The feeling of achievement when you complete the challenge is one you need to experience!
On my first attempt at the Yorkshire Three Peaks Challenge I managed Pen y Ghent and Whernside. But my feet were just too sore to continue and I was far too slow and tired. So although I’d had a good day up until then, I ended up getting the train back to Horton in Ribblesdale without completing the Ingleborough leg. Here are a few of my tips to help you prepare, and get around the full route with a smile on your face. And of course, experience that amazing feeling of achievement.
Don’t assume that because you can run a marathon you can climb three mountains
And don’t assume that because you can cycle a stage of the Tour de Yorkshire you can climb three mountains. You need to practice mountain walking in order to ready your body for climbing three mountains in 12 hours. So get out there and walk.
Walk to the supermarket instead of taking the car. Go for a walk in your lunch hour – okay so it might be boring pavements, but it’s better than nothing. And at the weekend find a national trail, park or public footpath and walk. Short walks at first, but gradually extend them. You want to get up to around 15 miles on hilly terrain in the last weeks before your Yorkshire Three Peaks Challenge.
On your challenge day you’ll need to carry your food, drink and spare clothes. Wearing a rucksack in training will help get you used to how it’ll feel on the day. Add a tin of baked beans to your rucksack when training to prepare your shoulders and back. Then each time you go out, add another one to gradually increase the weight.
Walk up hills
This might sound obvious, but find a hill. Even if it’s not too high, walk up it, walk down and repeat. Over and over.
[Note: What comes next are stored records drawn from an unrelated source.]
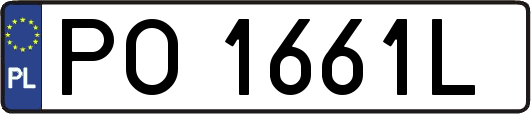 PO1661L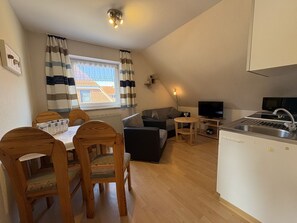 Televisión y estéreo 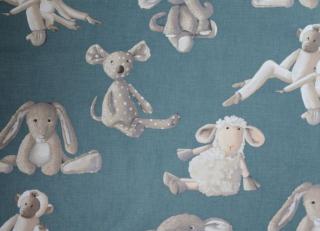 Фото - Ткани Thevenon Dessin d'image - 342386>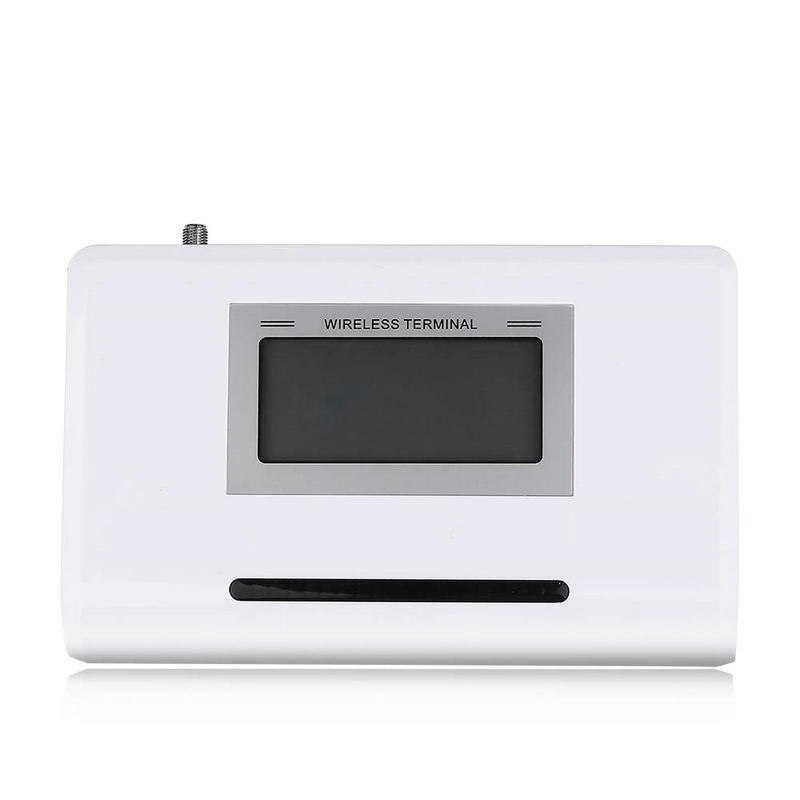 Wireless access station, wireless platform, recording box, dedicated fixed-line platform, wireless access terminal, gsm dialer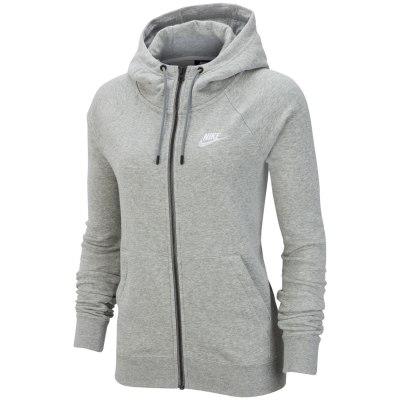 Nike Sportswear Essential Full-Zip  Damen Unterjacke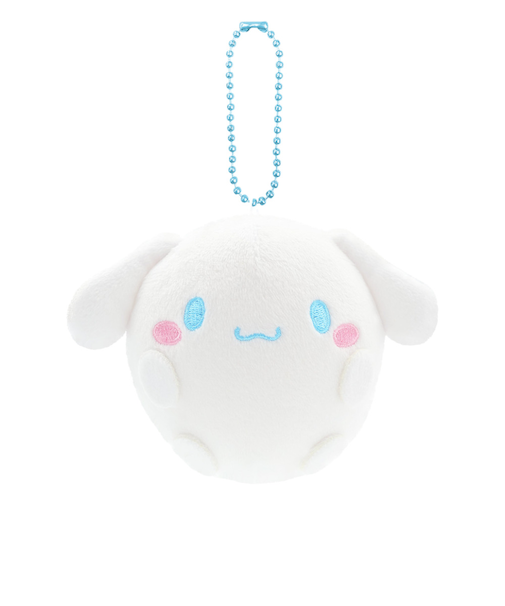 【当商品送料無料】キーホルダー ぬいぐるみ キャラクター 通販 ぬくいーず スクイーズ キーチェーン バッグチャーム キャラクターグッズ ボール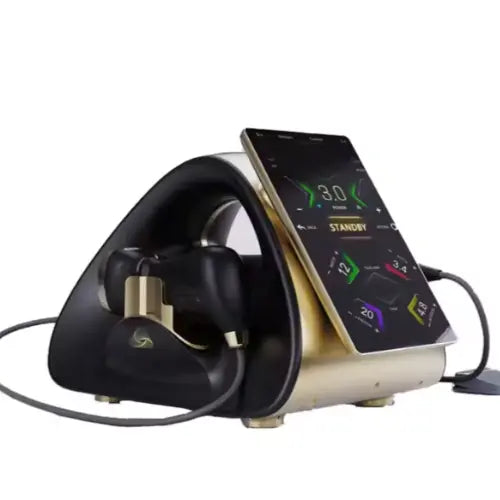 hifu therapy machine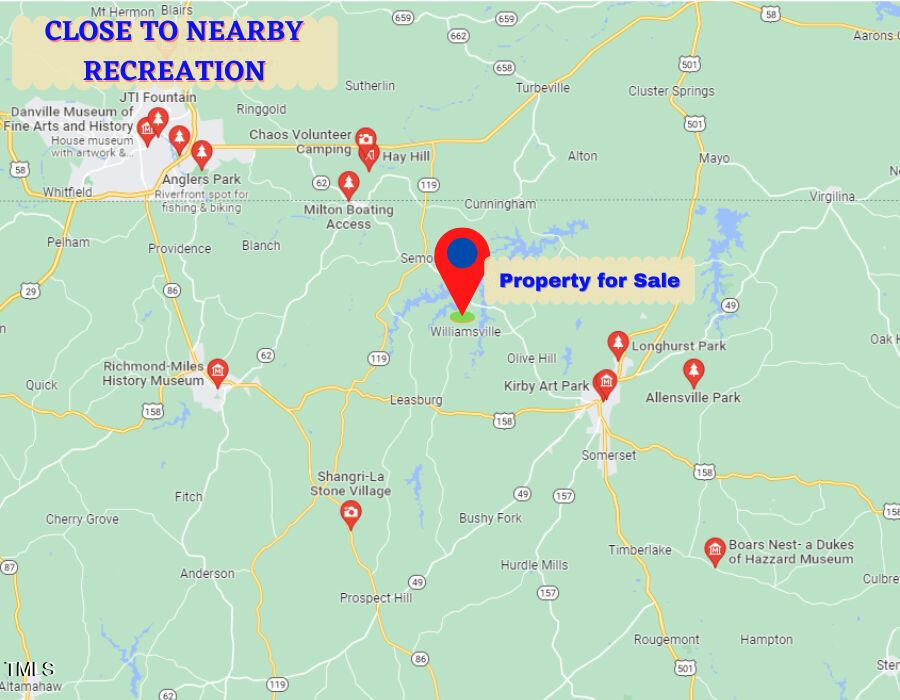 2 Semora Road Leasburg, NC 27291 - Photo 5 of 16 04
When I was preparing for a Swiss trek I couldn’t get out to the hills as often as I wanted so I used the stairs at home. Up and down with my weighted backpack for an hour or more at a time. It was dull and hard work but it strengthened my legs and built up my confidence for the trip.
The countryside is obviously the best terrain to train in as it replicates what you will experience on the day. Take a look at our Walking Routes and Hiking Routes blogs to see if there are any near you (we’re adding new routes so keep popping back).
Work on your legs
I’m not saying that you need to go out and get a gym membership and workout five times a week, don’t worry! There are little things that you can add into everyday life to help build muscle.
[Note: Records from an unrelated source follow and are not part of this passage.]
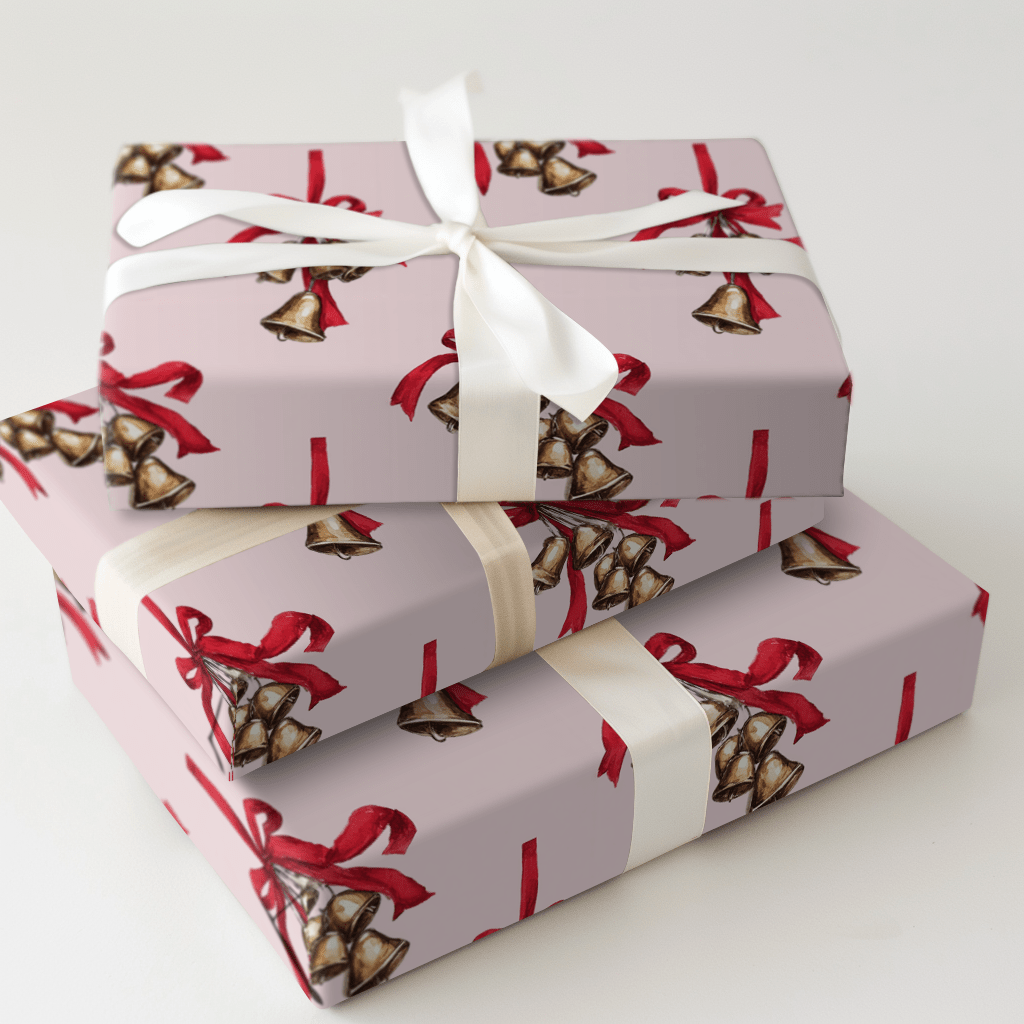 Jules - Wrapping Paper - Aspen & Arlo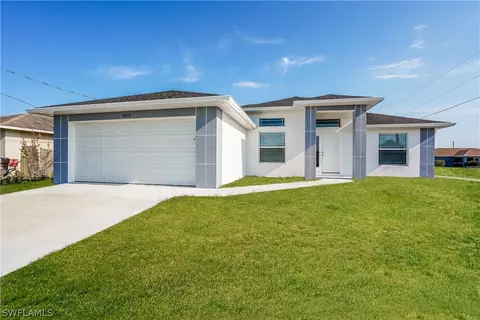 3300 34th St SW, Lehigh Acres, FL 33976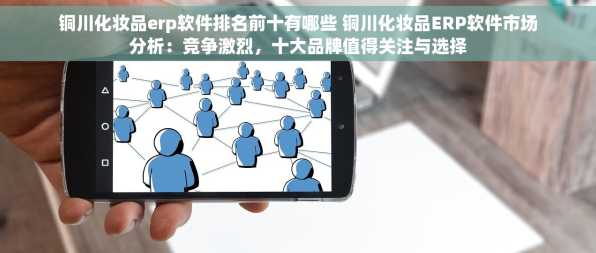铜川化妆品erp软件排名前十有哪些 铜川化妆品ERP软件市场分析：竞争激烈，十大品牌值得关注与选择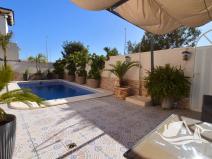 Prodej vily, Orihuela, Španělsko, 103 m2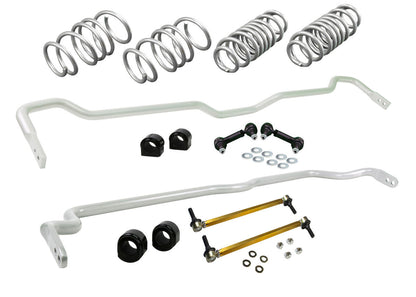 GS1-MB001 Whiteline Performance Suspension Kit to Suit Mercedes-Benz A-Class W176 | Genuine Whiteline Sway Bar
Try standing on one leg while you’re brushing your teeth – and switch legs the next day. This will challenge your balance (great for when you’re on uneven ground) and will make the muscles around your ankles work to stabilise you. When we’re used to walking on flat pavements and floors, the change to rough terrain can tire us quickly. This mini challenge will help more than you think!
When you’ve mastered the one legged tooth brushing try one legged squat tooth brushing. Yes, slowly lowering your body to the floor while on one leg (and continuing to brush) will work all of those stabilising muscles that I’ve already mentioned, but will also start to work your quads (the muscles at the front of your thighs). Great for hill walking.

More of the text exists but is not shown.